Search code examples
pythontensorflowskflow

Use batch_size in model_fn in skflow


I need to create a random variable inside my model_fn(), having shape [batch_size, 20].

I do not want to pass batch_size as an argument, because then I cannot use a different batch size for prediction.

Removing the parts which do not concern this question, my model_fn() is:

def model(inp, out):
    eps = tf.random_normal([batch_size, 20], 0, 1, name="eps"))) # batch_size is the 
    # value I do not want to hardcode

    # dummy example
    predictions = tf.add(inp, eps)
    return predictions, 1

if I replace [batch_size, 20] by inp.get_shape(), I get

ValueError: Cannot convert a partially known TensorShape to a Tensor: (?, 20)

when running myclf.setup_training().

If I try

def model(inp, out):
    batch_size = tf.placeholder("float", [])
    eps = tf.random_normal([batch_size.eval(), 20], 0, 1, name="eps")))

    # dummy example
    predictions = tf.add(inp, eps)
    return predictions, 1

I get ValueError: Cannot evaluate tensor using eval(): No default session is registered. Usewith sess.as_default()or pass an explicit session to eval(session=sess) (understandably, because I have not provided a feed_dict)

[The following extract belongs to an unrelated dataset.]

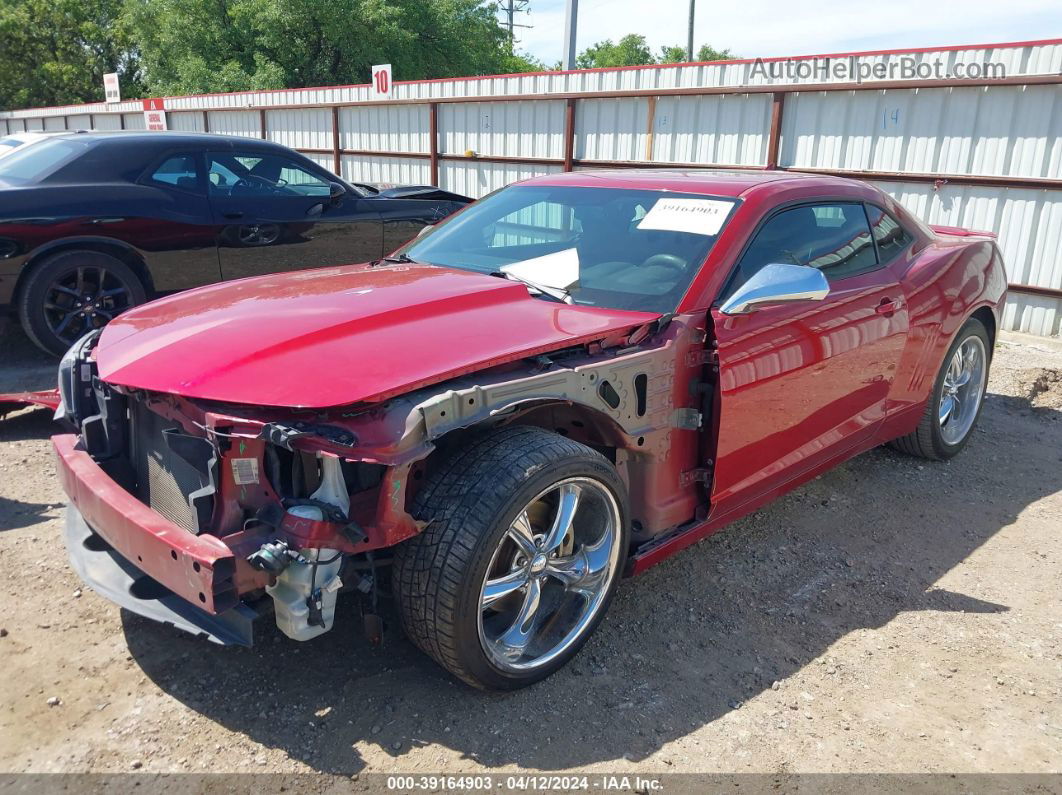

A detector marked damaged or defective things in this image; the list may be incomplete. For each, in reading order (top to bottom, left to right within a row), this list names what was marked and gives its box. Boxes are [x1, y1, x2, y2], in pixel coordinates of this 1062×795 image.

How can I access the value of batch_size inside model_fn(), while remaining able to change it during prediction?


Solution

  • I wasn't aware of the difference between Tensor.get_shape() and tf.shape(Tensor). The latter works:

    eps = tf.random_normal(tf.shape(inp), 0, 1, name="eps")))
    

    As mentionned in Tensorflow 0.8 FAQ:

    How do I build a graph that works with variable batch sizes?

    It is often useful to build a graph that works with variable batch sizes, for example so that the same code can be used for (mini-)batch training, and single-instance inference. The resulting graph can be saved as a protocol buffer and imported into another program.

    When building a variable-size graph, the most important thing to remember is not to encode the batch size as a Python constant, but instead to use a symbolic Tensor to represent it. The following tips may be useful:

    Use batch_size = tf.shape(input)[0] to extract the batch dimension from a Tensor called input, and store it in a Tensor called batch_size.

    Use tf.reduce_mean() instead of tf.reduce_sum(...) / batch_size.

    If you use placeholders for feeding input, you can specify a variable batch dimension by creating the placeholder with tf.placeholder(..., shape=[None, ...]). The None element of the shape corresponds to a variable-sized dimension.